## Work instruction
Give all of the data below again exactly, and drop the images.

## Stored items
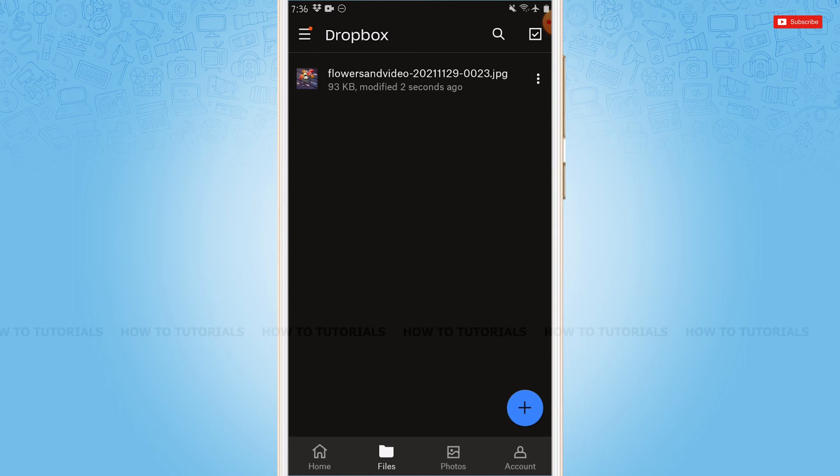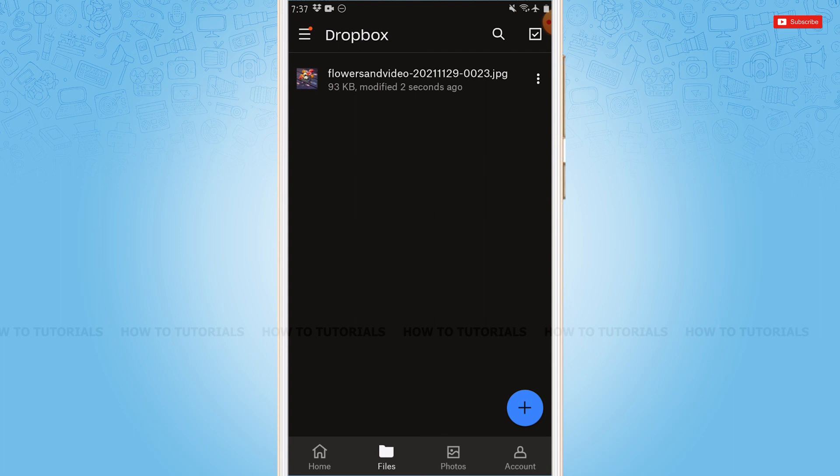Similarly, you can also upload any videos or any of the files you want to upload in your Dropbox. This is how you can upload or add any files, photos, or videos in Dropbox. Hope this video is helpful for you all. Thank you.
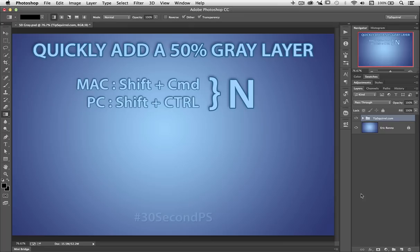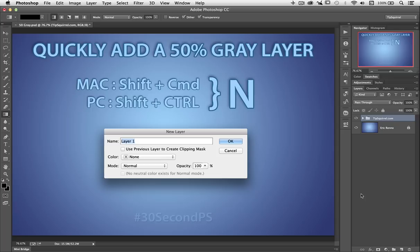On a Mac Shift Command N, on a PC Shift Control N — up comes a new dialog box. Let's call this one 'grey.' You'll notice down the bottom: no neutral colour exists for this blend mode.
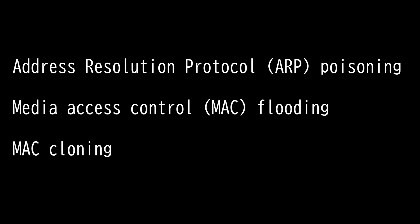Attacks for Layer 2 you need to know for the Security Plus 601 exam include Address Resolution Protocol poisoning, Media Access Control flooding, and MAC cloning.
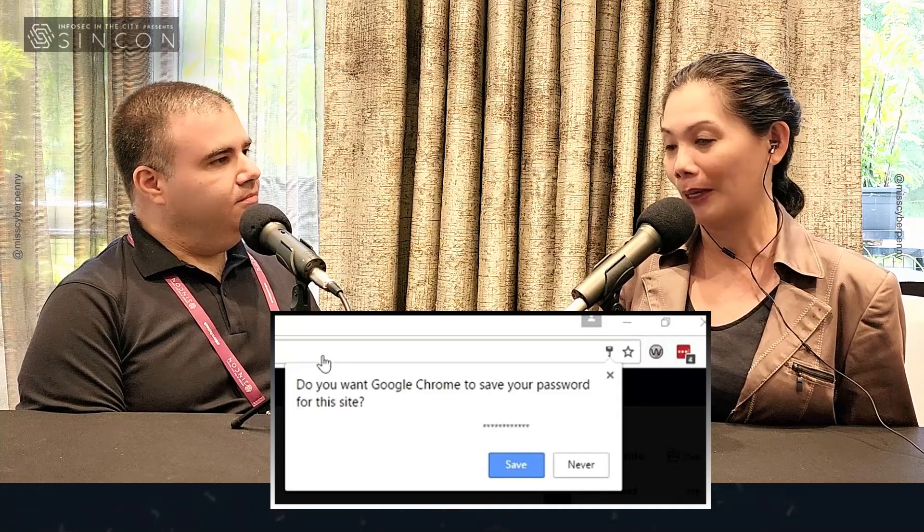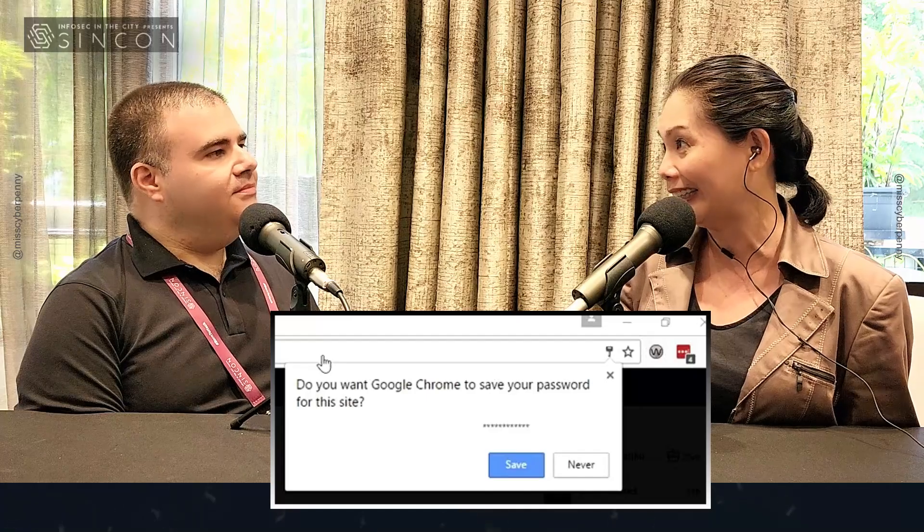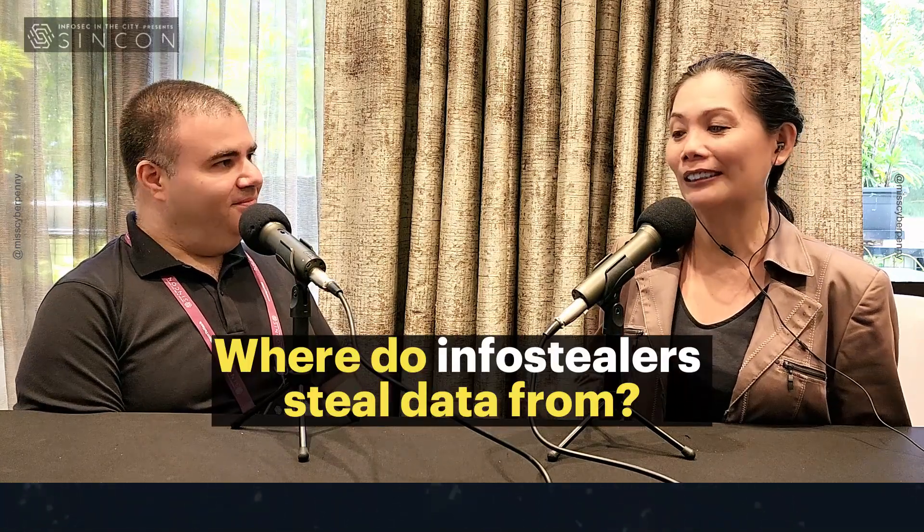So these are information we store in our browsers — for example, when we go to online banking, there will be a pop-up saying 'do you want to save your user ID, do you want to save your password?' And if you click yes, it's saved onto the browser. For every time you open any kind of account, you have this pop-up message asking you to store your credentials. People like the convenience of having everything stored in one place, but the bad guys also like this convenience because they're going to use the info stealers to steal exactly this kind of information.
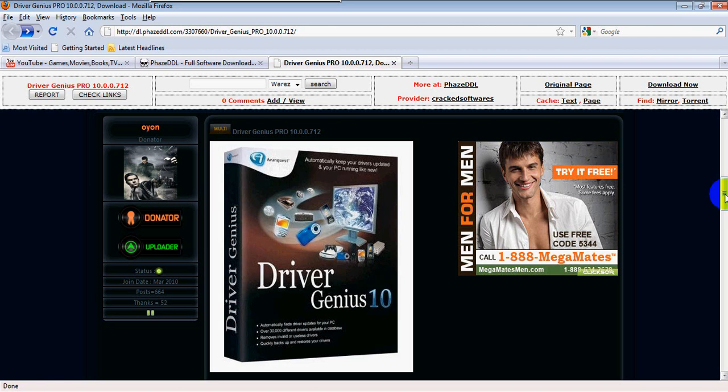Hey, it's Blake here from DoubleL Gaming. Today I'm going to show you how to download and install a RAR file, or a torrent download, as other people say.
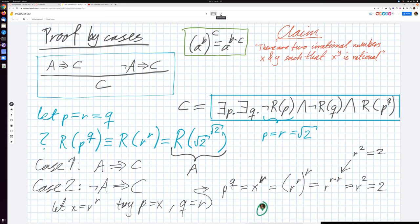QED. Notice that we don't know whether X is rational or not — but we don't need to know, because there are two possibilities. Either it is rational, in which case P and Q can both be R. Or it's irrational, in which case P can be X and Q can be R. In both cases, we showed that P to the power of Q is a rational number.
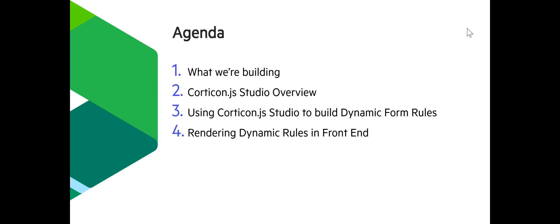And how the rendering template, which we provide out of the box and which can be adapted to your organization's needs, what that is responsible for and what the decision service itself is responsible for.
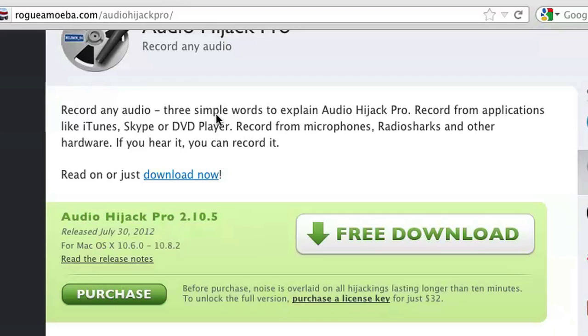This tool is made by a group called Rogue Amoeba and you can access it at their website by going to rogueamoeba.com/AudioHijackPro.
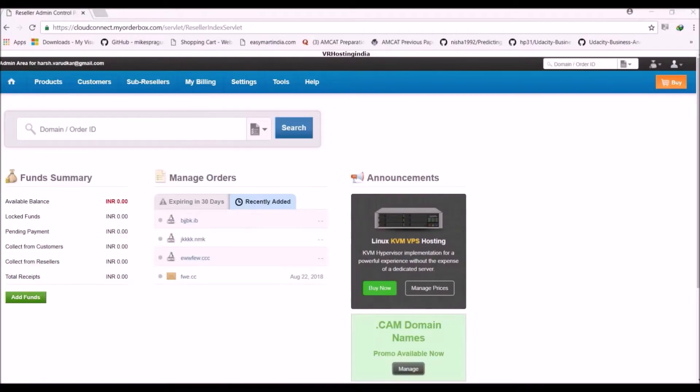Hello Friends! Today we are going to see how to integrate Razorpay Payment Gateway with Reseller Club.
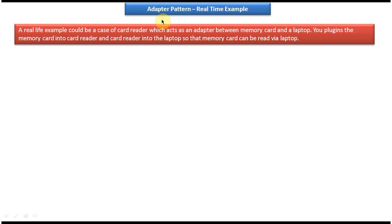Hi, in this video tutorial I will cover the Adapter Design Pattern real-time example. Before you watch this video tutorial, please log in to my channel and watch the Adapter Design Pattern introduction video tutorial, where I have explained what is Adapter Design Pattern and when to use it. First watch that video tutorial, then come and watch this tutorial so that you will understand this tutorial very clearly.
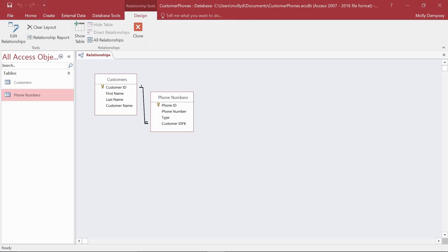We've now created a one-to-many relationship by using the lookup wizard. We've created the foreign key, and we've changed a relationship setting.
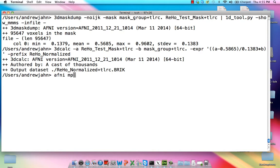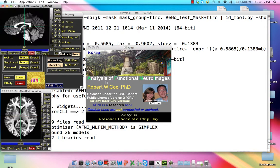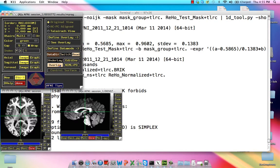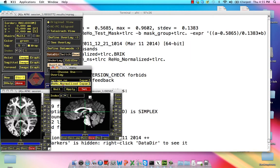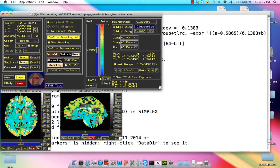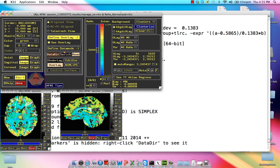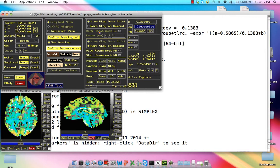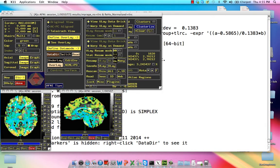For the underlay, I'm just going to have MPRAGE, the anatomical image. And then RIHO normalized. Put that overlay RIHO right there. Make it look kind of nice for everybody.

## Written response
Similarly, you can also upload any videos or any of the files you want to upload in your Dropbox. This is how you can upload or add any files, photos, or videos in Dropbox. Hope this video is helpful for you all. Thank you.
On a Mac Shift Command N, on a PC Shift Control N — up comes a new dialog box. Let's call this one 'grey.' You'll notice down the bottom: no neutral colour exists for this blend mode.
Attacks for Layer 2 you need to know for the Security Plus 601 exam include Address Resolution Protocol poisoning, Media Access Control flooding, and MAC cloning.
So these are information we store in our browsers — for example, when we go to online banking, there will be a pop-up saying 'do you want to save your user ID, do you want to save your password?' And if you click yes, it's saved onto the browser. For every time you open any kind of account, you have this pop-up message asking you to store your credentials. People like the convenience of having everything stored in one place, but the bad guys also like this convenience because they're going to use the info stealers to steal exactly this kind of information.
Hey, it's Blake here from DoubleL Gaming. Today I'm going to show you how to download and install a RAR file, or a torrent download, as other people say.
QED. Notice that we don't know whether X is rational or not — but we don't need to know, because there are two possibilities. Either it is rational, in which case P and Q can both be R. Or it's irrational, in which case P can be X and Q can be R. In both cases, we showed that P to the power of Q is a rational number.
And how the rendering template, which we provide out of the box and which can be adapted to your organization's needs, what that is responsible for and what the decision service itself is responsible for.
This tool is made by a group called Rogue Amoeba and you can access it at their website by going to rogueamoeba.com/AudioHijackPro.
Hello Friends! Today we are going to see how to integrate Razorpay Payment Gateway with Reseller Club.
Hi, in this video tutorial I will cover the Adapter Design Pattern real-time example. Before you watch this video tutorial, please log in to my channel and watch the Adapter Design Pattern introduction video tutorial, where I have explained what is Adapter Design Pattern and when to use it. First watch that video tutorial, then come and watch this tutorial so that you will understand this tutorial very clearly.
We've now created a one-to-many relationship by using the lookup wizard. We've created the foreign key, and we've changed a relationship setting.
For the underlay, I'm just going to have MPRAGE, the anatomical image. And then RIHO normalized. Put that overlay RIHO right there. Make it look kind of nice for everybody.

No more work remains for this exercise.